The creation of the Ohio University Marching Band began with a young OU freshman from Athens, Homer Thomas Baird, who always loved music and had helped organize the first Athens high school band. After matriculating at OHIO, Homer went to then Ohio University president Elmer B. Bryan more than once to champion his idea of an Ohio University marching band. Bryan finally consented under the condition that the band not cost the university any money and that he gets the approval of the director of the School of Music.
Homer’s fraternity brother was the editor of the Green and White, OU’s campus newspaper. He offered free publicity to help recruit musicians for the fledgling endeavor. Homer Baird went to recent grad Raymond Connett, whose musical skill as a bandleader was widely known. He agreed to direct the band without a salary. The director of the School of Music, Dr. C.C. Robinson, gave his blessings and approved of Connett’s leadership. Although he could not offer a formal position to Connett he was able to provide a small salary of $10. per rehearsal.

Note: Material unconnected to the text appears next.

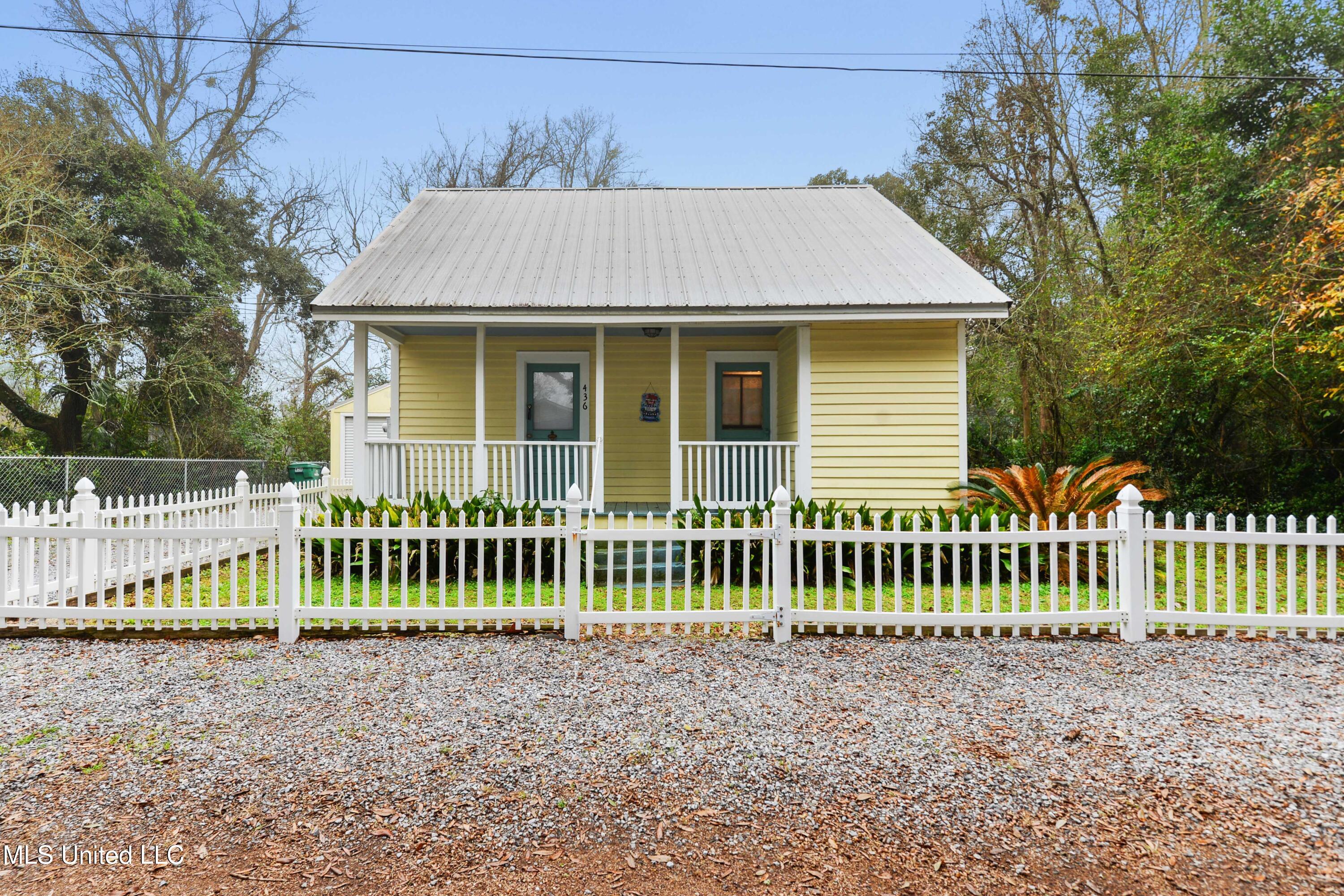 436 State Street Bay St. Louis, MS 39520 - Photo 2 of 17 001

Below is an image of the Ohio University Band on the steps of Ewing Hall in the early 1920s. For more images like this go the Ohio University Libraries Digital Archival Collections.
The name Marching 110 originally referred to the number of band members. While the band has expanded to 220 members strong, it has kept the name, which now represents the 110% effort expected of all members during rehearsals and performances.
If you take 110% effort plus the free-flowing funk in their souls the result is .... The Most Exciting Band in the Land!